# MATERIAL FOR THIS TASK
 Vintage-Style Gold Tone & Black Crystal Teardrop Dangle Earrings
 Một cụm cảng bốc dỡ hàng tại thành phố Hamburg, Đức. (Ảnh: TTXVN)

---

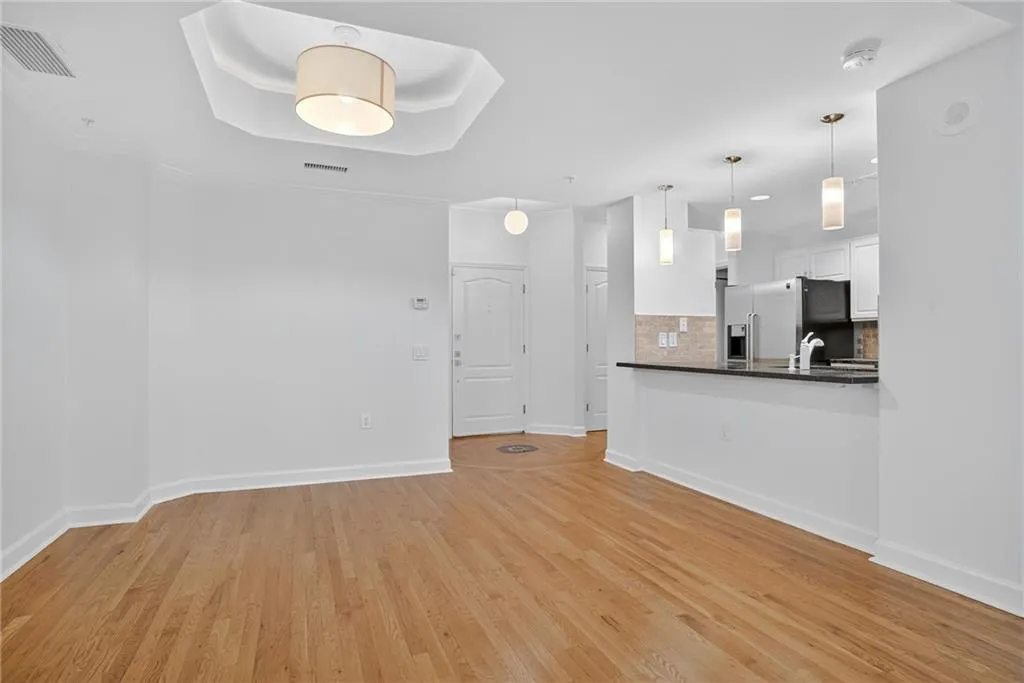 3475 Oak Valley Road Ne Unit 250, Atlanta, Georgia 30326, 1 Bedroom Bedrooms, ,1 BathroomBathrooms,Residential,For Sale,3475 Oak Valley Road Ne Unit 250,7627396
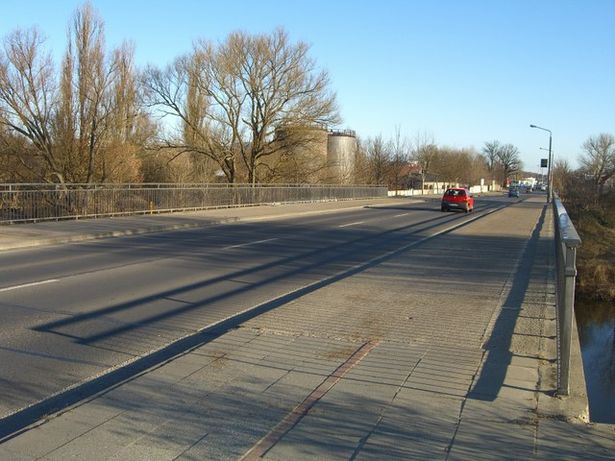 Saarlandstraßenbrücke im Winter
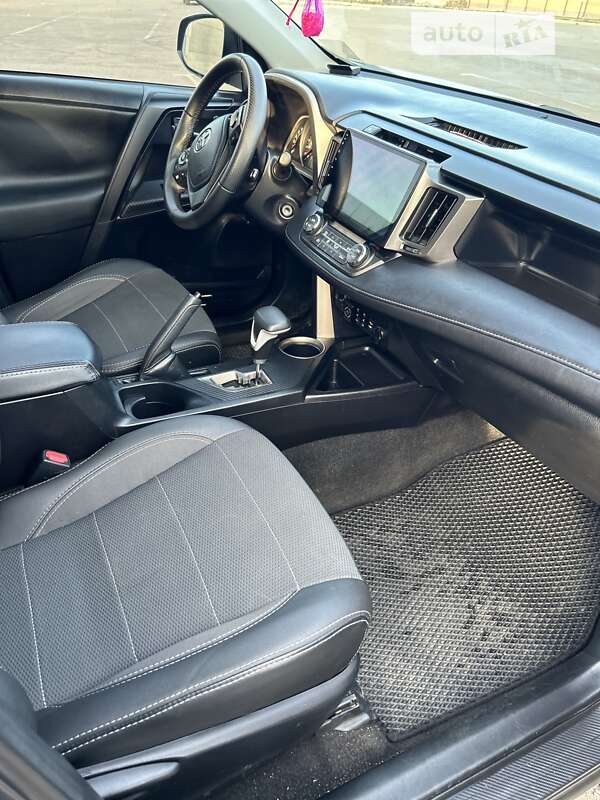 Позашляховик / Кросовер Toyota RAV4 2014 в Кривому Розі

---

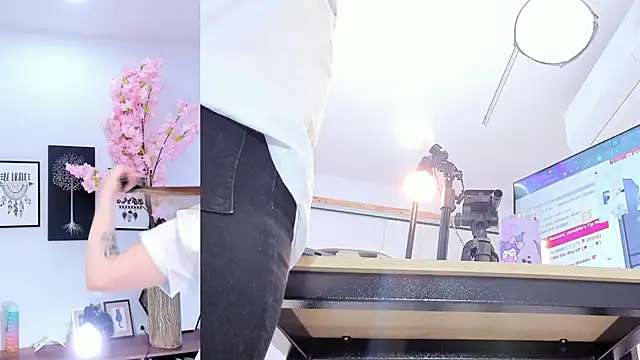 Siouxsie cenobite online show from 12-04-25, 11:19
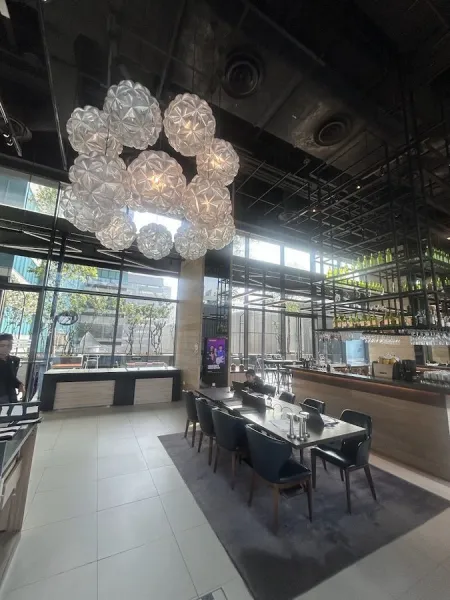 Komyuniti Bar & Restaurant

# YOUR INSTRUCTIONS
From the records above, transcribe only the stretch from the line with "Saarlandstraßenbrücke im Winter" through the line with "Позашляховик / Кросовер", keeping both ends. Omit pictures.

# RESPONSE AREA
 Saarlandstraßenbrücke im Winter
 Позашляховик / Кросовер Toyota RAV4 2014 в Кривому Розі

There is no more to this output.